Voilà
trois ans que Poussière de sable
était sur le métier. J’avançais, j’avançais avec une lenteur de tortue sûre de
mordre au bout de la course dans sa feuille de batavia. J’avançais lentement, à
l’allure où mon vélo montait les cols alpins en ce mois de juin. De Cannes à
Thonon-les-Bains la route Napoléon est longue mais magnifique. Il faut dire
qu’après l’ascension de la Bonnette et une nuit de repos, nous nous étions
enfilés le Vars puis l’Izoard. Dans le tunnel du Montgenèvre, soudain privée de
lumière, j’ai dû mon salut à un routier sympa qui a ralenti pour m’éclairer pleins
phares jusqu’à la sortie. Après l’ascension du Mont- Cenis, nous voilà à
Bessans, au pied de l’Iserans qui, selon le panneau, serait fermé. Que
faire ? Des motards qui en descendent nous affirment qu’on peut passer,
sauf qu’au sommet l’Équipement n’a pas déblayé volontairement sur une vingtaine
de mètres.
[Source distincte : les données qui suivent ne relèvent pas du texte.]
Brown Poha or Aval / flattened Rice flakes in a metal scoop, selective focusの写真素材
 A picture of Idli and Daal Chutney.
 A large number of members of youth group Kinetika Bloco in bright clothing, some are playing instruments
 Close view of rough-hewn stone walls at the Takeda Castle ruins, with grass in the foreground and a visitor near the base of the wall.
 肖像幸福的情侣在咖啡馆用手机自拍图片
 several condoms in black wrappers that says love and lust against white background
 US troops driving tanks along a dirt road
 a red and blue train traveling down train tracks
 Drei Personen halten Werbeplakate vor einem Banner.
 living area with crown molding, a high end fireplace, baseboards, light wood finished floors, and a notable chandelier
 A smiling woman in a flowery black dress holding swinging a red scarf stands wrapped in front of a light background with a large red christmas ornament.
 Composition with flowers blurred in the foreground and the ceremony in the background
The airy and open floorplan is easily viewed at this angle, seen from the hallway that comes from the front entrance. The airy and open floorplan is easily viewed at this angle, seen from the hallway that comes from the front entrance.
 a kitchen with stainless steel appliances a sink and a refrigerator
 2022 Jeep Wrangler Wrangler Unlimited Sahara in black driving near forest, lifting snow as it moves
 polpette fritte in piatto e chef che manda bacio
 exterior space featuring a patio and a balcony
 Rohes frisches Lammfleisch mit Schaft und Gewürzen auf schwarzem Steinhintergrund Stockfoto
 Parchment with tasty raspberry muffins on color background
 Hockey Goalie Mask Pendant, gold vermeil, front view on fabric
Casse-croûte en cours d’ascension, puis nous roulons entre les
congères qui s’élèvent de part et d’autre de la route. Comme prévu, nous
poussons nos machines sur quelques mètres pour franchir le col puis nous
abordons, vêtus chaudement, la longue descente sur Val d’Isère où, laissant
tomber nos gants de ski, nous déjeunons au restaurant. L’étape du soir se fera
à Bourg-Saint-Maurice, à l’hôtel de la Colonne. Dès l’entrée, une photo montrant
un couple médiatique interpelle. À l’époque, Hervé Gaymard était
ministre de l’agriculture sous la présidence de Jacques Chirac et son épouse,
Clara, fille du professeur Lejeune, généticien célèbre et connu pour son
hostilité à l’interruption volontaire de grossesse. Ce sont des amis du patron
de l’hôtel car Hervé Gaymard est né à Bourg-Saint-Maurice. J’ignore encore qu’à
l’automne de cette année-là je verrai de mes propres yeux le visage halé d’Hervé
Gaymard lors de circonstances tragiques : les obsèques de 2 collègues
abattus à coups de fusil par un arboriculteur de Dordogne lors d’un contrôle de
travail dissimulé. L’inspection des lois sociales agricoles dépendait alors du
ministère de l’agriculture.
Mais,
en cette fin d’après-midi de juin, nous profitons d’un apéritif agrémenté de
chips de maïs trempées dans le guacamole. Mais passons au plat de
résistance car, jusqu’à présent, le pourquoi de ce récit n’a apparemment
rien à voir avec le stylo mais tout avec le vélo et le boulot. C’est que la
conversation prend un tour singulier : le patron, Jean-Luc Favre, est
avant tout écrivain. Certes, moins connu que Musso, Lévy & Cie
qui, eux, n’ont pas la singularité de tenir un hôtel.
On
lui glisse à l’oreille que j’écris et sa réaction est immédiate :
―
Vous êtes publiée ?
― Non,
pas encore, j’écris dans l’ombre.
Poussière de sable ne sera en effet achevé
que l’année suivante. Ce que je savais déjà vient de m’être confirmé :
sans la reconnaissance du milieu, pas d’écrivain. Mais, tomber sur un tenancier
d’hôtel qui est un écrivain publié, ne suffisait pas. Comme je mentionne que je
fais dans la science-fiction, le serveur met son grain de sel : il est en
train d’écrire un mémoire sur les lecteurs de SF. Je prends la coïncidence
comme un heureux présage (Jung parlerait de synchronicité).